Member of the COVID-19 Advisory Board
- In office November 9, 2020–January 20, 2021

Director of the Navajo Department of Health
- In office 2019–2020

Personal details
- Education: Northern Arizona University (BA) University of Utah (PhD)

= Jill Jim =

American health administrator and epidemiologist

Jill Jim is an American (Navajo) health administrator and epidemiologist serving as executive director of the Navajo Department of Health. She is a member of U.S. President Joe Biden's COVID-19 Advisory Board.

== Education ==
Jim completed a bachelor's degree in health promotion and community health education at Northern Arizona University. She earned a master's degree in health care administration and public health from University of Utah where she later completed a PhD in public health in 2017. Her dissertation was titled Healthcare Cost and Utilization Differences among American Indian and Alaska Native Compared with Non-Hispanic White Patients with Lung Cancer.
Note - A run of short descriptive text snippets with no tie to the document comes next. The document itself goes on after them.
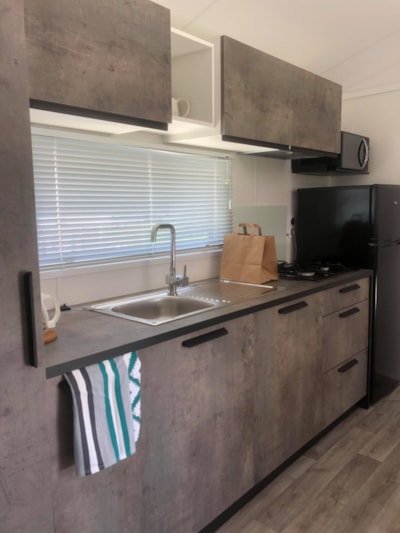 Mobile home Nirvana Duo, 33m². 2 shower rooms/semi-covered terrace - air conditioning optional — 5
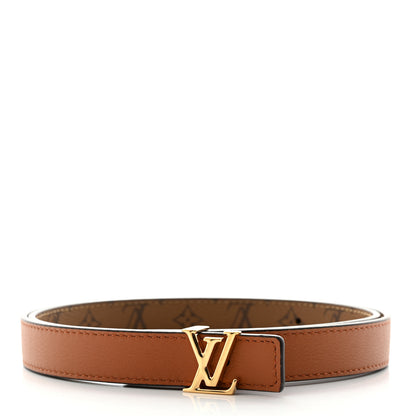 Louis Vuitton Calfskin Reverse Monogram 20mm LV Iconic Reversible Belt 80 32 Tan Brown 2 of 6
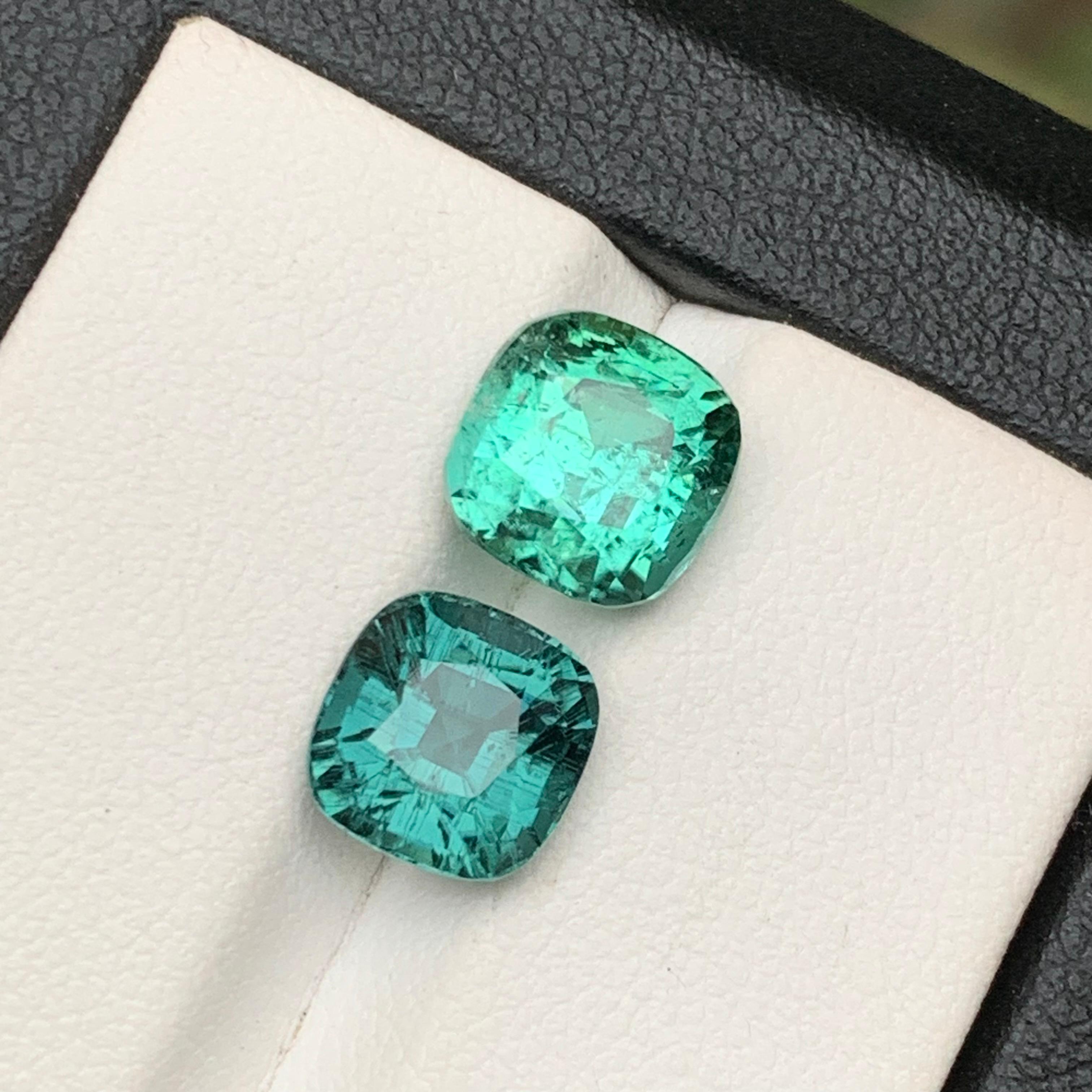 Gemme sciolte di tormalina naturale verde neon e blu grigio neon per anelli, collane, ciondoli, bracciali o qualsiasi altro gioiello - taglio a cuscino da Kunar Afghanistan!!!

💎 TIPO DI GEMMA: Tormalina
⚖️ PESO:  6,60 Carati
🪚 FORMA E TAGLIO:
Jim's doctoral advisor was Mia Hashibe.

== Career ==
Jim was a health care analyst for HealthInsight in Albuquerque, New Mexico. She worked as a consultant for the Navajo Area Indian Health Service and later as an epidemiologist for the Utah Department of Health. In January 2019, she became a member of Jonathan Nez's cabinet as executive director of the Navajo Department of Health. On November 28, 2020, Jim was announced as a member of U.S. President-elect Joe Biden's COVID-19 Advisory Board.

== Personal life ==
Jim is originally from Navajo Mountain, Utah. Jim is fluent in the Navajo language and a member of the Navajo Nation.